The Insight (Rule of Thumb)
- Action 1: Set `NVTE_CUDA_ARCHS` to target only your GPU architecture.
- Value: `NVTE_CUDA_ARCHS="80;90"` compiles only for A100 and H100, skipping Volta, Turing, Ada, Blackwell.
- Action 2: Limit parallel jobs for memory-constrained systems.
- Value: `MAX_JOBS=1 NVTE_BUILD_THREADS_PER_JOB=1` prevents build OOM.
- Action 3: Enable ccache for incremental builds.
- Value: `NVTE_USE_CCACHE=1` caches compilation results.
- Action 4: Select frameworks to build.
- Value: `NVTE_FRAMEWORK=pytorch` skips building JAX extensions.

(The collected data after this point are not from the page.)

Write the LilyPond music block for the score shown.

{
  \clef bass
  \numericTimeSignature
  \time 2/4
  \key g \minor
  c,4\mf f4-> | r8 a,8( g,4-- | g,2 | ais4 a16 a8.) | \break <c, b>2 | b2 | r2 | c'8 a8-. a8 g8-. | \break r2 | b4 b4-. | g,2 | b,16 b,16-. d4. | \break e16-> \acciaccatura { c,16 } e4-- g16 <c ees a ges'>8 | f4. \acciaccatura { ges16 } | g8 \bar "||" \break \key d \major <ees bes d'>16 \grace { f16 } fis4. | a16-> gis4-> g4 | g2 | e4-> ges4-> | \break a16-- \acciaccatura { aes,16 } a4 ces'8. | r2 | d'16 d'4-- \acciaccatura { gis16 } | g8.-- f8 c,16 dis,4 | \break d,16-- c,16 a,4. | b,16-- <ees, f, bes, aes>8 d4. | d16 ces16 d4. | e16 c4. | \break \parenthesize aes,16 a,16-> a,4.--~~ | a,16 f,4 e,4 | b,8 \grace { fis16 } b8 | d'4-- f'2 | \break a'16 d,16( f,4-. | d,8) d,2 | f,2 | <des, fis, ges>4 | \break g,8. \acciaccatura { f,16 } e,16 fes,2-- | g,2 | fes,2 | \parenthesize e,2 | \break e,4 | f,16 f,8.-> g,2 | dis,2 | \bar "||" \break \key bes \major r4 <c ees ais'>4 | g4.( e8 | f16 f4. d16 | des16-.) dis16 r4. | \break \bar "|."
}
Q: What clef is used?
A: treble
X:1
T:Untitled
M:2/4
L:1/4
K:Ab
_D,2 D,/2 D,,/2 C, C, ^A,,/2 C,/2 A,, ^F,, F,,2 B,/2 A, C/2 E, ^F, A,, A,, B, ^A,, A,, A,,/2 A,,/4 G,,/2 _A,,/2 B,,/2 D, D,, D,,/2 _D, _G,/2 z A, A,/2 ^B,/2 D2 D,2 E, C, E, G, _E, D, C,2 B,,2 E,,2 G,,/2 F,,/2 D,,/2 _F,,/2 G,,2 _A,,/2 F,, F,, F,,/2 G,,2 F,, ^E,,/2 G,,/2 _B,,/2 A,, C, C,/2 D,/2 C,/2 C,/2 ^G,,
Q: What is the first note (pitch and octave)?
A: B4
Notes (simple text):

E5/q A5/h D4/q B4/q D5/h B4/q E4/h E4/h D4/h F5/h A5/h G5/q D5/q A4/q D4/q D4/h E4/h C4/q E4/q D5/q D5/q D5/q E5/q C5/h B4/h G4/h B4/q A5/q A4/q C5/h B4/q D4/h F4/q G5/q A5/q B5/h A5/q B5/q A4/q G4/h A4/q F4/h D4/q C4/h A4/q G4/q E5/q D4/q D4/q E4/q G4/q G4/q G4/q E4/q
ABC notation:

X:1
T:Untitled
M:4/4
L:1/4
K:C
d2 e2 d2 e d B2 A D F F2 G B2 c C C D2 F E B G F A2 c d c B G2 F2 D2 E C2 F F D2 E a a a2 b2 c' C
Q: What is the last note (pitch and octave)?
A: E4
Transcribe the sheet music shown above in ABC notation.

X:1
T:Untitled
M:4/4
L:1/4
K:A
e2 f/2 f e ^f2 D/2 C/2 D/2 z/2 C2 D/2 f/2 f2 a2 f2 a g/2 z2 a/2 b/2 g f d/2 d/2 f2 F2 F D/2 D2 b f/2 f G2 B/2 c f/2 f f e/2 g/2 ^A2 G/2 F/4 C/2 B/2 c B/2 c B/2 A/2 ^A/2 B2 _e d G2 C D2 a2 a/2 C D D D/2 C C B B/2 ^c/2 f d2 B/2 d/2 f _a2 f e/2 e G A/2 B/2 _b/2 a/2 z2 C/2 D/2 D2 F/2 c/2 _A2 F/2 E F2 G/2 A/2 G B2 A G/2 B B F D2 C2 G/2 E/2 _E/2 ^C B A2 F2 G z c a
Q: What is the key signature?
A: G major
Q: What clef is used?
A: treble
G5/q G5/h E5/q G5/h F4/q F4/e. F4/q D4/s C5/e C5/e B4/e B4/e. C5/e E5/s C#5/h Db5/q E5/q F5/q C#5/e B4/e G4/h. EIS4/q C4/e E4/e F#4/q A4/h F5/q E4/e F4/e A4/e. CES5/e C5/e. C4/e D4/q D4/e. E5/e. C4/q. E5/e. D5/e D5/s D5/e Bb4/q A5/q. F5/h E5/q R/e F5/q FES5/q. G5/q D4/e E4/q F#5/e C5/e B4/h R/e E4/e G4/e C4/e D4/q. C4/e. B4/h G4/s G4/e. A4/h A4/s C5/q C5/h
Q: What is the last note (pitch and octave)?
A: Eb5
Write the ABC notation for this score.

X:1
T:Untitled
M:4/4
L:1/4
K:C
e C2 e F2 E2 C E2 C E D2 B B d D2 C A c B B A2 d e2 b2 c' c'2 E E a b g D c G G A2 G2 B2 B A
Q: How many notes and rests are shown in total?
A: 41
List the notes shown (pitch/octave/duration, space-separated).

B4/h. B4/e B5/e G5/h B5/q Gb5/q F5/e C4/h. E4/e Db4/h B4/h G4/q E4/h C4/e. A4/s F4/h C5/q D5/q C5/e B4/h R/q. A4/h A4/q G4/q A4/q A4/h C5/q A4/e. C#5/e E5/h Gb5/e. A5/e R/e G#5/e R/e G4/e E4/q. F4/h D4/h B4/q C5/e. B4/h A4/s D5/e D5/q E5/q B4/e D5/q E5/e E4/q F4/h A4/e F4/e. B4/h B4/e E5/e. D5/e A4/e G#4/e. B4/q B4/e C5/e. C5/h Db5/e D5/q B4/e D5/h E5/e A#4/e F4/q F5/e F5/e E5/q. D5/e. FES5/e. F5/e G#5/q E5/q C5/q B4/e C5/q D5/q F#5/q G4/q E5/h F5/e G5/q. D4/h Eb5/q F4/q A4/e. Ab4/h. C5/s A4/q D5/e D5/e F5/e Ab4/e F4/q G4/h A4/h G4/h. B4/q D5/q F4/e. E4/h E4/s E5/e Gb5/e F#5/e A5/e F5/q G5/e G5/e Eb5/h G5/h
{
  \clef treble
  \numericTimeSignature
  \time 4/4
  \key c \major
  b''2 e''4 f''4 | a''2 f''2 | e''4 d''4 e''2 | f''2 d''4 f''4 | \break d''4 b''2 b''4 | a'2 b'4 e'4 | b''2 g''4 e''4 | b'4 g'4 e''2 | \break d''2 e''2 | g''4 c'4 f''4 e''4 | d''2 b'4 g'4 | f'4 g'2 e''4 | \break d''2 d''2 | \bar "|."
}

- Trade-off: Architecture targeting means the binary wont work on GPUs not in the target list. FlashAttention-2 compilation is particularly resource-intensive.
Reasoning
Each target GPU architecture requires separate kernel compilation, with each architecture adding significant compile time. The default configuration targets 4-6 architectures. For development, you typically only need your specific GPU. For deployment, you need only the target deployment GPU. The `MAX_JOBS` trick is specifically important because FlashAttention-2 CUDA kernel compilation consumes enormous amounts of memory per compilation unit.
Code Evidence
Architecture selection from `build_tools/utils.py:258-264`:
# Default architecture selection based on CUDA version
if cuda_version >= (13, 0):
archs = "75;80;89;90;100;120"
elif cuda_version >= (12, 8):
archs = "70;80;89;90;100;120"
else:
archs = "70;80;89;90"
Environment variable list from `docs/envvars.rst`:
# Build-time optimization variables
NVTE_CUDA_ARCHS="80;90" # Target specific architectures
NVTE_BUILD_MAX_JOBS=4 # Limit parallel compilation jobs
NVTE_BUILD_THREADS_PER_JOB=2 # Threads per compilation job
NVTE_USE_CCACHE=1 # Enable compiler cache
NVTE_FRAMEWORK=pytorch # Build only PyTorch extensions
NVTE_RELEASE_BUILD=1 # Optimized release build
NVTE_BUILD_DEBUG=0 # Disable debug symbols (default)